無駄じゃ無駄じゃ(?)

すべては無駄なんじゃよ

昭和唱和ショー「算盤」

 先日の『挿しす世相史』の方で「完全オンライン化」について触れました際に、算盤も扱ってみようかと思い至りましたので、今回は珍しく予告通りの内容です。

 そもそも「算盤」という字すら、平成っ子には読めますまい。

 ソロバンですね。って、片仮名で書いても物が想像できないか。

f:id:sammadaisensei:20160816142323j:plain こんなのです。

 

 上の珠(たま)が「5」を表しているので、縦一列の5つの珠で1~9までを表せるという事です。

 でも、ワタクシも両親の田舎でだったか見た事が有りますが、もっと古い物には上段の珠が2つの物も有りました。

 

 今、電子計算機が無い家は有るかもしれませんが、昔は算盤が無い家というのは、かなり特殊というか、無かったのではないかと思います。

 そのくらい必需品だったのですが、その頃はお店も人間が計算していたので、けっこう間違いが有ったのですよね。

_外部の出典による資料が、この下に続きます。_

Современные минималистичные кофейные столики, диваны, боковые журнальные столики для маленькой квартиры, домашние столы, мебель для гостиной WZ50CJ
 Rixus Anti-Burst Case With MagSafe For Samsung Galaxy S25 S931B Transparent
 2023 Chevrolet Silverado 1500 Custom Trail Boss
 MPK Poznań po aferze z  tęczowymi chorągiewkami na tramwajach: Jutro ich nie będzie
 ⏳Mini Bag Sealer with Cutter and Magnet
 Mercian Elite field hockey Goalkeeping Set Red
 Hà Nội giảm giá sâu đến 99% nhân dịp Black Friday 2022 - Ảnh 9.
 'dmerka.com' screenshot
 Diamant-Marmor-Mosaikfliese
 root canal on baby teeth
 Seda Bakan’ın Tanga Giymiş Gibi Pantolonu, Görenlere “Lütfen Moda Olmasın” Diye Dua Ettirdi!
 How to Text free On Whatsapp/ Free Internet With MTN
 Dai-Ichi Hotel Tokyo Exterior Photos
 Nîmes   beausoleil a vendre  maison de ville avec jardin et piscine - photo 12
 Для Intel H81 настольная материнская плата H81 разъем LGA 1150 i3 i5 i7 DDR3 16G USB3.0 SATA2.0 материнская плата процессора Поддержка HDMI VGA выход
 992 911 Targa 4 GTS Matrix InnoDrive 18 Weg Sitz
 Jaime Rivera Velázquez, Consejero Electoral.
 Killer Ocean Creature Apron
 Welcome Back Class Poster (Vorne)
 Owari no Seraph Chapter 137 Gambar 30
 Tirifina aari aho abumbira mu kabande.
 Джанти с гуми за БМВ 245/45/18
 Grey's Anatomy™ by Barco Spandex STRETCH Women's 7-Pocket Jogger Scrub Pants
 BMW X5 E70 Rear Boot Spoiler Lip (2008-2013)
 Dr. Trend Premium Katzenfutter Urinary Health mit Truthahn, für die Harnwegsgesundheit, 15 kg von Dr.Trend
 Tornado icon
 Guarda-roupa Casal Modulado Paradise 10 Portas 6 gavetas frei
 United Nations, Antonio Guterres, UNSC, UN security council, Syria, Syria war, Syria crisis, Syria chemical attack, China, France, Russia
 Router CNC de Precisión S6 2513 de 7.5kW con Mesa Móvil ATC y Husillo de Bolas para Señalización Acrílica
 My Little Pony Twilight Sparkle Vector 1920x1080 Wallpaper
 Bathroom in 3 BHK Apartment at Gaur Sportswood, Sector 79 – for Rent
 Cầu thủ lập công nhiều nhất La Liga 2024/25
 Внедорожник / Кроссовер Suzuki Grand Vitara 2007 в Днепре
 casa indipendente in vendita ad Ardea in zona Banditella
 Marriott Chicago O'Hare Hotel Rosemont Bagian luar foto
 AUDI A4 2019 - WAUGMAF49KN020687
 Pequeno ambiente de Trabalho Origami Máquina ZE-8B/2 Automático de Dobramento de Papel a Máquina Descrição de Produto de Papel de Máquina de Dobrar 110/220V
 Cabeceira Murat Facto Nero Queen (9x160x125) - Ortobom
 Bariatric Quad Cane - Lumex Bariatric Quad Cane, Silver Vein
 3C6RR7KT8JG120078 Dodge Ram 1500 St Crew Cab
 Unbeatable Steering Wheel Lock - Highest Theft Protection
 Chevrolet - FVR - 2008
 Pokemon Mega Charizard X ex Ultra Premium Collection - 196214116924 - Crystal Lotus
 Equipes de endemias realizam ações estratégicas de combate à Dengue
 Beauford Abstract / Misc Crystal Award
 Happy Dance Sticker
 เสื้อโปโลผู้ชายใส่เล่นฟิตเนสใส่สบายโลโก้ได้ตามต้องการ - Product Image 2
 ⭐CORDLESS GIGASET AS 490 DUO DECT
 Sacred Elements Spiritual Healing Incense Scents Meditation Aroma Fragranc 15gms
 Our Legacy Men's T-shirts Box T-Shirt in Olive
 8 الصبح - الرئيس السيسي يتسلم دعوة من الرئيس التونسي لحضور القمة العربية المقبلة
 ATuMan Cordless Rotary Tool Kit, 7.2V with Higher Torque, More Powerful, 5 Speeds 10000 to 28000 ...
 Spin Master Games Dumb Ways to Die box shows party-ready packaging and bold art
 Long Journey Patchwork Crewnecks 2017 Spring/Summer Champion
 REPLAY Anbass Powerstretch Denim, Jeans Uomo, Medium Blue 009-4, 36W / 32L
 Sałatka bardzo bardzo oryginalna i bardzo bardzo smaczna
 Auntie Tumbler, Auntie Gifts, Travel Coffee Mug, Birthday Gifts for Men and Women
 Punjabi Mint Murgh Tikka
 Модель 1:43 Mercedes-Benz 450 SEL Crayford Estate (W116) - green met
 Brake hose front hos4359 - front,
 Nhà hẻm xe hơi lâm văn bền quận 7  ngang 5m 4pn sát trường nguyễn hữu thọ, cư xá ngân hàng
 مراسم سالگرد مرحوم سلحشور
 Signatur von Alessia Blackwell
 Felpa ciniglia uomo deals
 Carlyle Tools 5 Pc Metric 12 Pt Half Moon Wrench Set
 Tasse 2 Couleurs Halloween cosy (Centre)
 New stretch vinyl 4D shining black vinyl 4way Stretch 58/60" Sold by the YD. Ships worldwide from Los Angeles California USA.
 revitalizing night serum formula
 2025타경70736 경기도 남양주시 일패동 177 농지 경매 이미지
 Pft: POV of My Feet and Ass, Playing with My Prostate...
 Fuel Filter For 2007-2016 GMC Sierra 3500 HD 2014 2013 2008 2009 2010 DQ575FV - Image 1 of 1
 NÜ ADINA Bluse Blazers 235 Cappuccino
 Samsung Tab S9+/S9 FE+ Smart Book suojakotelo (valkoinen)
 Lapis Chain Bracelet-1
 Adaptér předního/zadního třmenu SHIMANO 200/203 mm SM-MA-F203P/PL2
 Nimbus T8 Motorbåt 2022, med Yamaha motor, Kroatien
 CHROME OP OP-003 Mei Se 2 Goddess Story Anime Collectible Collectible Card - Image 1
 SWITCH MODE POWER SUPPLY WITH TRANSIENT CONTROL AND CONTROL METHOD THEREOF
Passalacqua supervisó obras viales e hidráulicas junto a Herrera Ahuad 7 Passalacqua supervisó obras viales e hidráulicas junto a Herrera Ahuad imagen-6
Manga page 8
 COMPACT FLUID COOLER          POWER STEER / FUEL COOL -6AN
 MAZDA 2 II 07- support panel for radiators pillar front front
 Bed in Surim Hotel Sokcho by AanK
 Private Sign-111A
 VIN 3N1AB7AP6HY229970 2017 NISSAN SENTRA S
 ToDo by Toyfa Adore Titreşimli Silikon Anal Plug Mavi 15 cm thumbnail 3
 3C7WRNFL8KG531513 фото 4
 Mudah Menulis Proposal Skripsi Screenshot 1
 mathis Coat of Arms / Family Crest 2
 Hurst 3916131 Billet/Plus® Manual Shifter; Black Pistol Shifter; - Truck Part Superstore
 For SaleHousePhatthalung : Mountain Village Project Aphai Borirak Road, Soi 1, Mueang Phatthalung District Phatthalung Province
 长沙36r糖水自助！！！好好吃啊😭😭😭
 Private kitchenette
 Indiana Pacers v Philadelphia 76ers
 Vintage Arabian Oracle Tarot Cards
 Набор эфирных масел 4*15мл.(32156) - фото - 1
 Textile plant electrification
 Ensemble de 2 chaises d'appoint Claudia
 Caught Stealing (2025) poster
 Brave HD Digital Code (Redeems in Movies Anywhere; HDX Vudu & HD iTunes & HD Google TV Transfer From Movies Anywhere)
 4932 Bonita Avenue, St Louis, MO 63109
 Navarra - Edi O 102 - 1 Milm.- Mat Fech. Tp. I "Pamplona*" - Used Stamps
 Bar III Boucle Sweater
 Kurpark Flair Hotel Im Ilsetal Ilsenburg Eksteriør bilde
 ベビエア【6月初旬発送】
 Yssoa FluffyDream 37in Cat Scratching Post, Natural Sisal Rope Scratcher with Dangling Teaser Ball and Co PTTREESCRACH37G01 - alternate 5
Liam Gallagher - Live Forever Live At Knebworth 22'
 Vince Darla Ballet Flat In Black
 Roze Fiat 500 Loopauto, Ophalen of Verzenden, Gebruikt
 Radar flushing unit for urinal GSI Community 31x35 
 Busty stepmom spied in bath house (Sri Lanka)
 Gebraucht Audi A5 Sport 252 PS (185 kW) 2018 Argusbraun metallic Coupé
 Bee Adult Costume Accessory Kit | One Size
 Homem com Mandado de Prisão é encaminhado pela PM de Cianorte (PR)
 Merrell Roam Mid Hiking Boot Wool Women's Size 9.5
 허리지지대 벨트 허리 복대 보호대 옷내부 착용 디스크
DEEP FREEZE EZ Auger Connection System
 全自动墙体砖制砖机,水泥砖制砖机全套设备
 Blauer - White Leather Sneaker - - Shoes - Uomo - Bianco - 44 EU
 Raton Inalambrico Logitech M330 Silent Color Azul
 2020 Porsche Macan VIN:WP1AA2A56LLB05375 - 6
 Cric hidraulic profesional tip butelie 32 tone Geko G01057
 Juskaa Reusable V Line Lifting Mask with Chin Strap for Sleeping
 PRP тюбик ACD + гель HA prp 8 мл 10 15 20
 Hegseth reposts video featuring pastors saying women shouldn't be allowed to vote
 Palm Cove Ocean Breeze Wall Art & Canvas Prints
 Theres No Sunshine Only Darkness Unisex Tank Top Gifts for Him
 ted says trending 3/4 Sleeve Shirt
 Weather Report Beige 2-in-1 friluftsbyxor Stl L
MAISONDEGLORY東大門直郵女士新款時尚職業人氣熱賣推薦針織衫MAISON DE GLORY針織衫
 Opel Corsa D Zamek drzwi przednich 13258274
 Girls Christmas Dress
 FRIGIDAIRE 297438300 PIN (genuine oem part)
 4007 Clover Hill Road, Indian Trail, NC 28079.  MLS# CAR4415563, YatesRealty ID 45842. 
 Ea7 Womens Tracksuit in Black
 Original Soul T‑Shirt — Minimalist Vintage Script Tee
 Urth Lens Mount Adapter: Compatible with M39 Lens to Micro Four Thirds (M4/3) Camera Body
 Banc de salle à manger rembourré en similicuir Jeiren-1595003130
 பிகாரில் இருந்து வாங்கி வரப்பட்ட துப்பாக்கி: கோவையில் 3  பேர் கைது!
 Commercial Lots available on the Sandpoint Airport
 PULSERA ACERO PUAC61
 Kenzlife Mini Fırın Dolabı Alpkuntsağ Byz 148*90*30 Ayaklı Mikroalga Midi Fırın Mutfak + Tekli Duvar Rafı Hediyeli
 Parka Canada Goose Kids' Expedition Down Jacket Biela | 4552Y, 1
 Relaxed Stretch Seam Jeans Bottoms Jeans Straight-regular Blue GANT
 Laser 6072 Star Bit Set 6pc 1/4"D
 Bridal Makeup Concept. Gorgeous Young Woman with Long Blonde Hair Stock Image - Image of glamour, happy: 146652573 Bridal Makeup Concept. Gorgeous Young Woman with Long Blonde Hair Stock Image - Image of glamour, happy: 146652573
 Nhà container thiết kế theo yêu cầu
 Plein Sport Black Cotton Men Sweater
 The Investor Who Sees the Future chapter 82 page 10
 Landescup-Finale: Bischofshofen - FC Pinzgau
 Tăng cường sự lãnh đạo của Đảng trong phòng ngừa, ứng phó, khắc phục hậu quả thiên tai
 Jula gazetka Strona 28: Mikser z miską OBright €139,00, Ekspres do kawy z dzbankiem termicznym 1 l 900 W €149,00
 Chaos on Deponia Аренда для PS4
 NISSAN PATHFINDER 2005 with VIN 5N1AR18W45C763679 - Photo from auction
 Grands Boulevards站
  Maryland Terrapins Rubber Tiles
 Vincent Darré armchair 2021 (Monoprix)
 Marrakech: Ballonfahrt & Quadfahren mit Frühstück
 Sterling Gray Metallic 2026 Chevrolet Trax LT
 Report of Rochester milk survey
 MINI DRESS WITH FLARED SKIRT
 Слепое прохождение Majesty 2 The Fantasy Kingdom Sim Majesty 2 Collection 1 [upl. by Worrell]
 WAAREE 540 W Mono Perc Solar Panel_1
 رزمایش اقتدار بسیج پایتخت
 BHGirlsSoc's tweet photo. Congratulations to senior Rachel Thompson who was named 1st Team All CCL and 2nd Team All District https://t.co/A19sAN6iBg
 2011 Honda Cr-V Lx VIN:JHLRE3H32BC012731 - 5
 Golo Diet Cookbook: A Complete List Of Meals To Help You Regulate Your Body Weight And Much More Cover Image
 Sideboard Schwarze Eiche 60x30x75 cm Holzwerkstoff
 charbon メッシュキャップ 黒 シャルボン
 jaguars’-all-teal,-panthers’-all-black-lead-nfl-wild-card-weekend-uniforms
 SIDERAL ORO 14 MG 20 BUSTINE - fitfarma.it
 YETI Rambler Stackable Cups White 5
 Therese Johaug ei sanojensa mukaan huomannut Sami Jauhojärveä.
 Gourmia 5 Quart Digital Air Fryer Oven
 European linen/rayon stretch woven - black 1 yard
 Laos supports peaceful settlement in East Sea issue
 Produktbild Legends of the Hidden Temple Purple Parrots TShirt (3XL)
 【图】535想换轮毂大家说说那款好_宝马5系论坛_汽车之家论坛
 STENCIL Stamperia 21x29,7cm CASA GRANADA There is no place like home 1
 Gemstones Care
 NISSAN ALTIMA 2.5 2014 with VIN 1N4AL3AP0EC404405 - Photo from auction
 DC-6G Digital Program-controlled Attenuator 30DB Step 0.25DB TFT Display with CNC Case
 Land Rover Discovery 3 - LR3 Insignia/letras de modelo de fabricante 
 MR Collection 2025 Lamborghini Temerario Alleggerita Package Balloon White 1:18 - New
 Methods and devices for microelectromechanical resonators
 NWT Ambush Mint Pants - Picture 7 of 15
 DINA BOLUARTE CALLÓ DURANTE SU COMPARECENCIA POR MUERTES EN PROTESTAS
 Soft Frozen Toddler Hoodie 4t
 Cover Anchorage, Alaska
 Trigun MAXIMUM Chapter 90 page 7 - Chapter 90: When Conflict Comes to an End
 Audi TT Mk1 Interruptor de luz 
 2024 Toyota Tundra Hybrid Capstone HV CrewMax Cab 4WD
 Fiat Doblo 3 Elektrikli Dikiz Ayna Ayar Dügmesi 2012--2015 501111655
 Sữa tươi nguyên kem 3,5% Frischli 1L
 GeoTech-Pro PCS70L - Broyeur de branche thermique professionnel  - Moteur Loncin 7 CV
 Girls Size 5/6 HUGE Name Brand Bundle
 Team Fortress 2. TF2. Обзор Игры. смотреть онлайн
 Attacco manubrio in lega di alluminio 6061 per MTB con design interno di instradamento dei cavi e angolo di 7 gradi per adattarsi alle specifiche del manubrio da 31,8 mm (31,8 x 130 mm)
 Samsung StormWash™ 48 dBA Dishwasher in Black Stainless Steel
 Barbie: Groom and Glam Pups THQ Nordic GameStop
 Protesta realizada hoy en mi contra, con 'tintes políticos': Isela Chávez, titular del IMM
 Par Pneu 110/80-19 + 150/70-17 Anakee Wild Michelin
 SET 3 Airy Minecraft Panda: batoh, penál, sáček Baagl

 だから主婦としては、算盤を弾いて家計簿を付けるというのは殆ど必須という感じだったかと思います。

 「主婦と生活」「婦人倶楽部」などの年末発売新年号には、必ず家計簿が付録に付いておりました。

 

 算盤は結構、子供達の遊び道具にもなっていて、トニー谷がマラカスのように使ってカチャカチャ鳴らすのを真似るくらいまではまだ良い方。

 指で弾けるように珠が出っ張っているので、引っ繰り返すと、手押しで車のように地を這わせることが出来るようになるのです。

 更には自分がその上に乗り、簡易スキーのような真似をする子も、少なくなかったはず。

 いろんな意味で生活に密着していました。

 

 昭和30年代末頃から、計算機のような物が出始めたようです。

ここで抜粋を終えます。